The data below contains pictures, which are to be skipped; the lines starting at the line with "ULG Over The" and ending at the line with "White Tree Icon" are to be output exactly, both ends included.

*** Opening INPUT MATERIAL ***

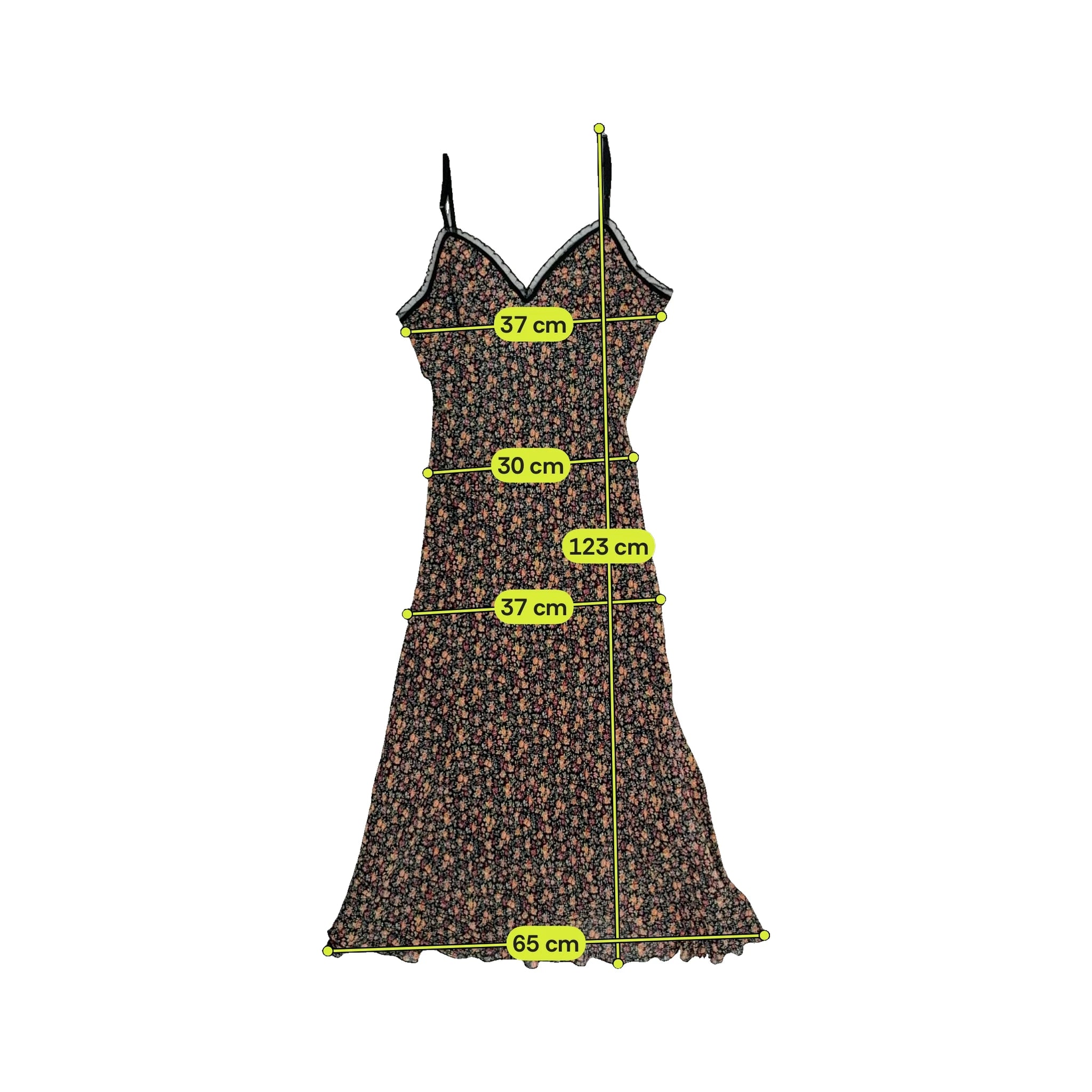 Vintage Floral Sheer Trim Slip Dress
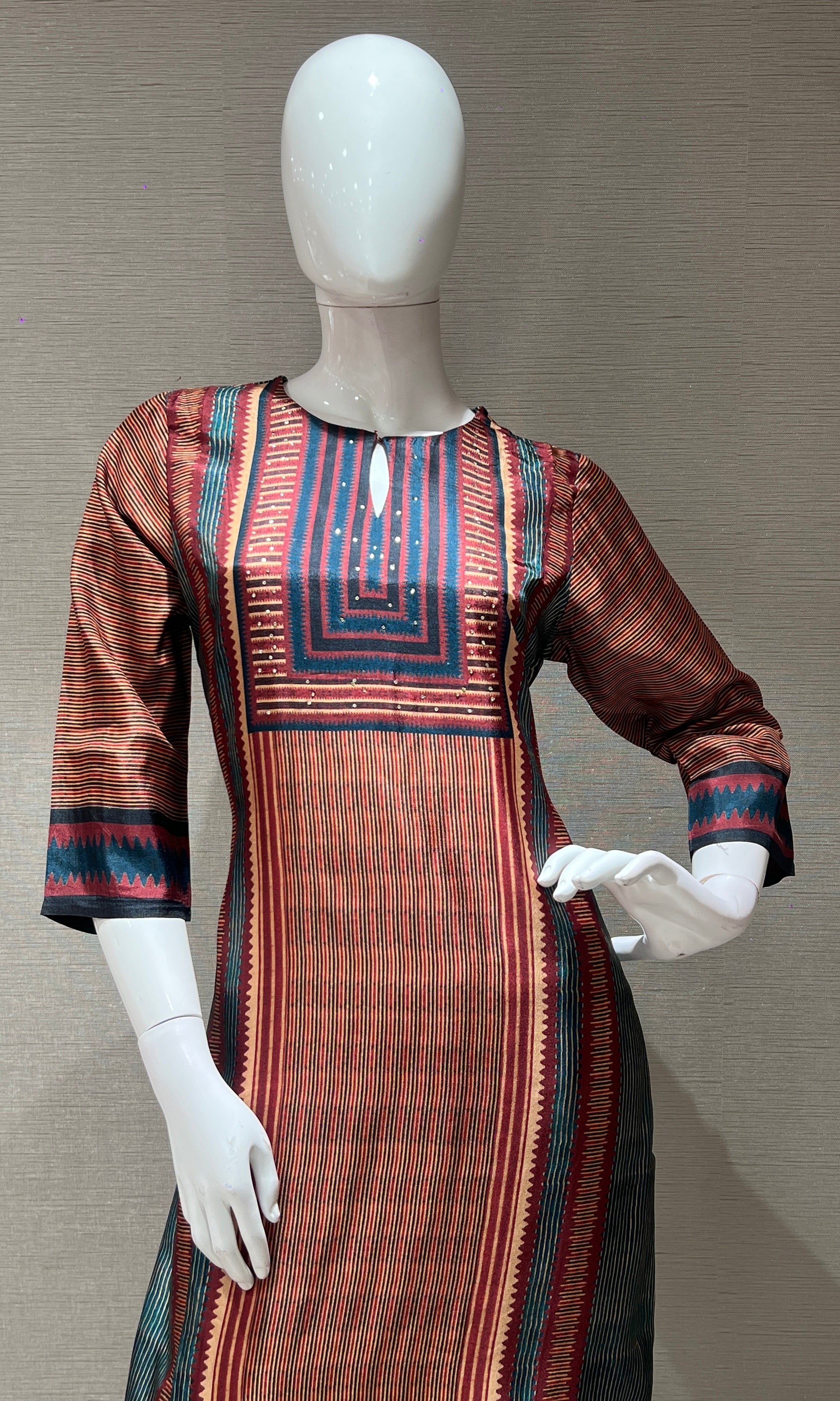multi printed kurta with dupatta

*** Closing INPUT MATERIAL ***
*** Opening INPUT MATERIAL ***

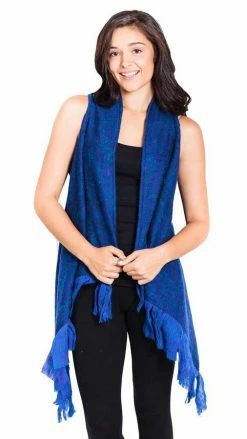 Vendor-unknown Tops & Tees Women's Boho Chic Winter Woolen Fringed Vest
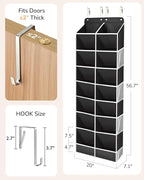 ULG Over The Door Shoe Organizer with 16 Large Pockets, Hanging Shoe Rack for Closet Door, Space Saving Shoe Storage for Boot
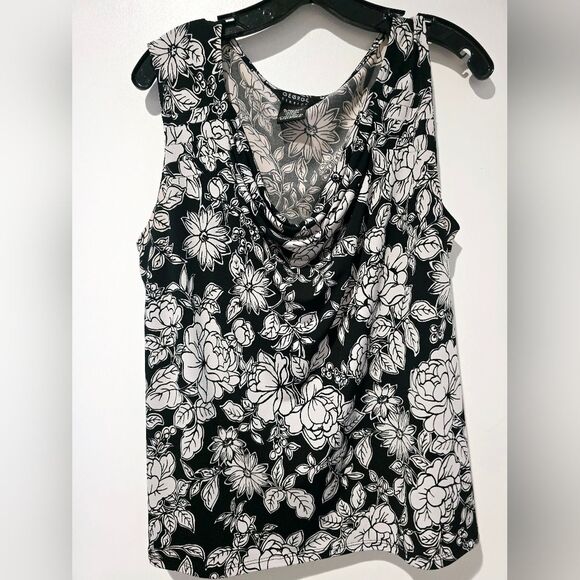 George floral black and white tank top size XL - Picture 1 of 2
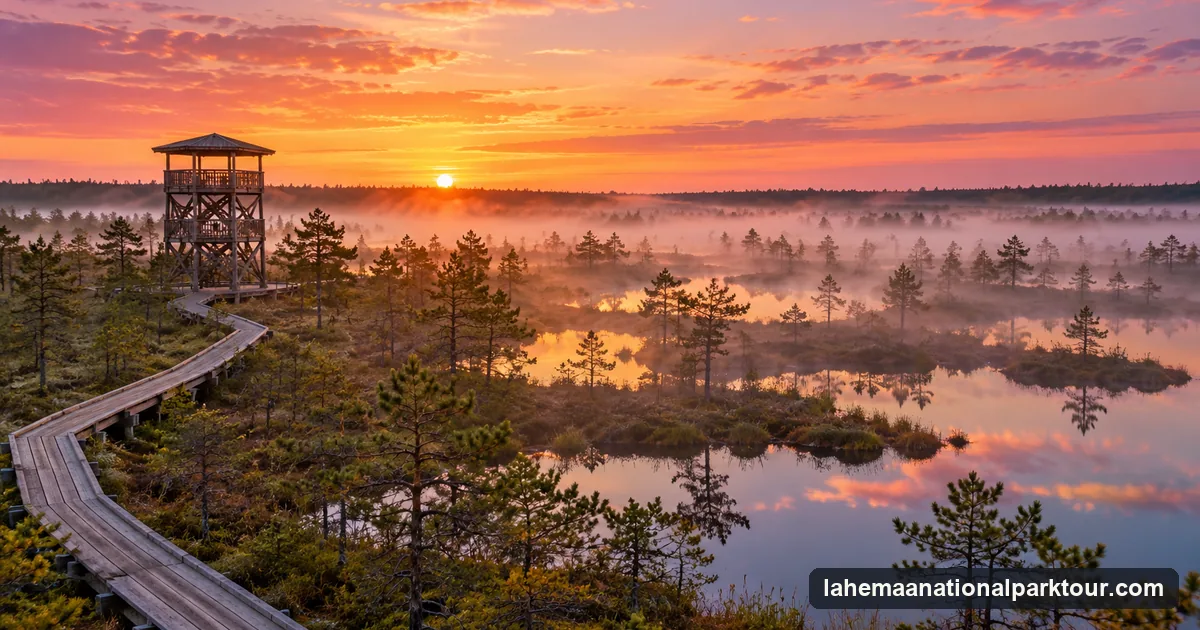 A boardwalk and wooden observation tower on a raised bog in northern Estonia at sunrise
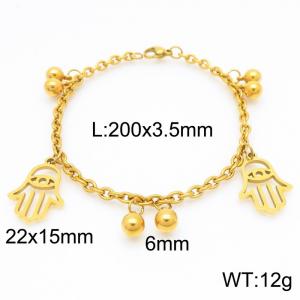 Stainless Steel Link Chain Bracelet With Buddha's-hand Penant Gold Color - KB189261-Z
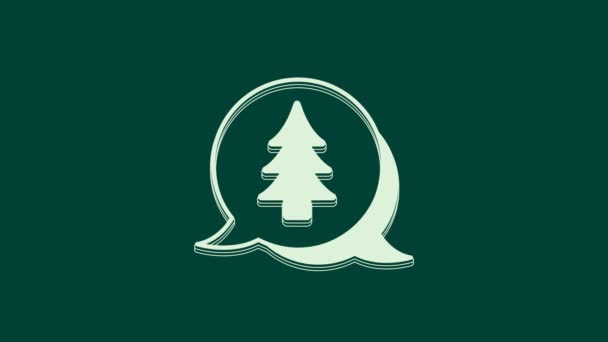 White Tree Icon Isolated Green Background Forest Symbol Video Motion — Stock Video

*** Closing INPUT MATERIAL ***
*** Opening INPUT MATERIAL ***

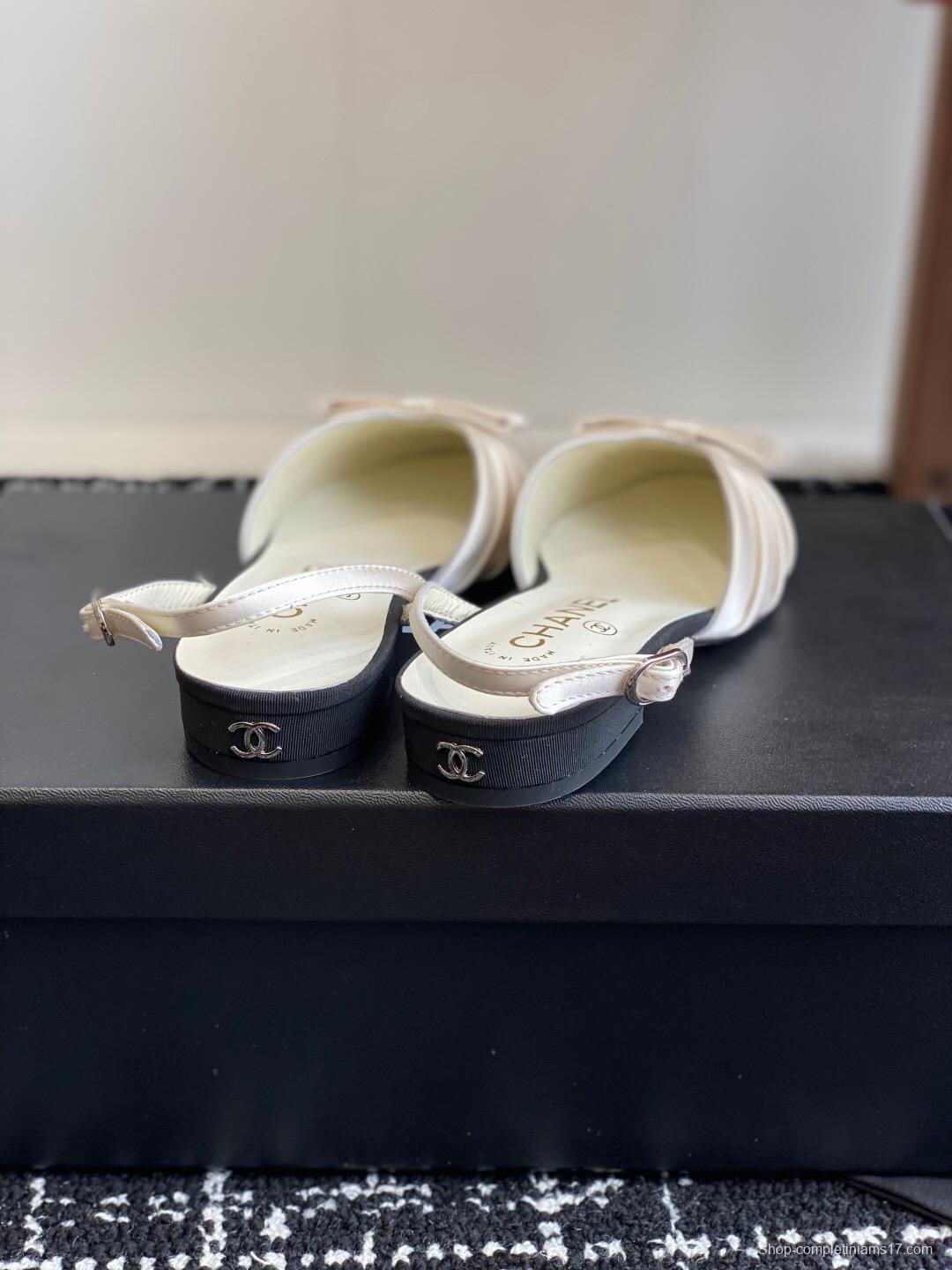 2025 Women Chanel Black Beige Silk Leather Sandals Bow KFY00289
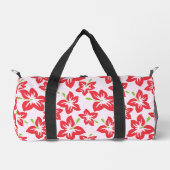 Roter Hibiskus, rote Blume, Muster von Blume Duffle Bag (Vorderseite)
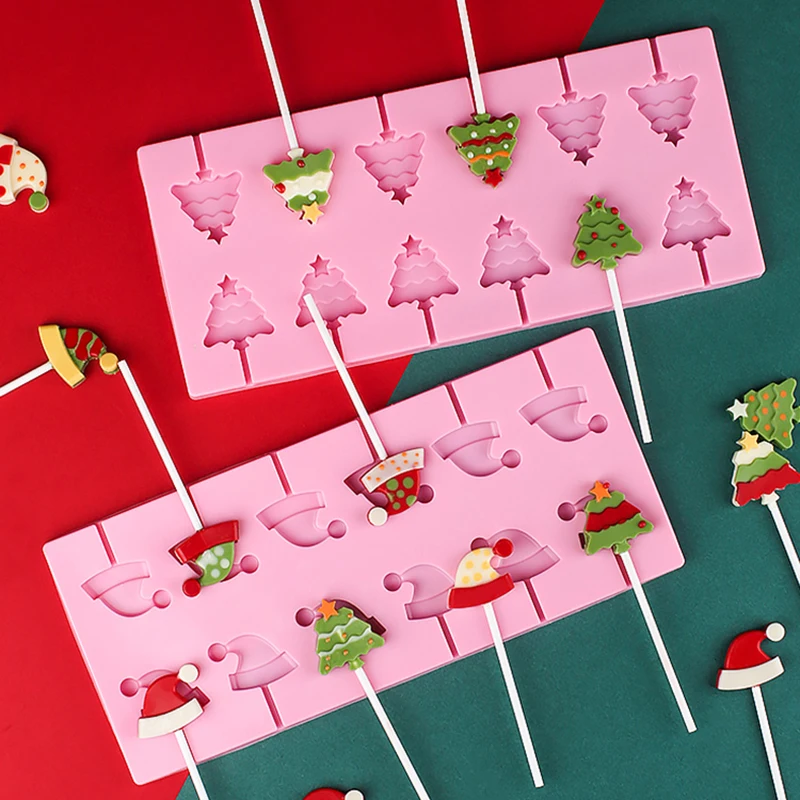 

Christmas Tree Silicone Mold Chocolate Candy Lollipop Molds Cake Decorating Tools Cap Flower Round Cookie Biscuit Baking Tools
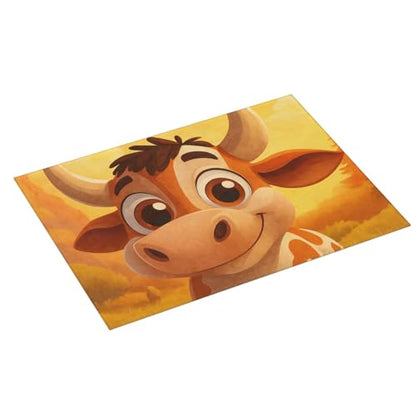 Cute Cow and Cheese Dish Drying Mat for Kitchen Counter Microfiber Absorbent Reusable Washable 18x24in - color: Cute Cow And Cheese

*** Closing INPUT MATERIAL ***

• [COMPLETED EXERCISE]
 ULG Over The Door Shoe Organizer with 16 Large Pockets, Hanging Shoe Rack for Closet Door, Space Saving Shoe Storage for Boot
 George floral black and white tank top size XL - Picture 1 of 2
 A boardwalk and wooden observation tower on a raised bog in northern Estonia at sunrise
 Stainless Steel Link Chain Bracelet With Buddha's-hand Penant Gold Color - KB189261-Z
 White Tree Icon Isolated Green Background Forest Symbol Video Motion — Stock Video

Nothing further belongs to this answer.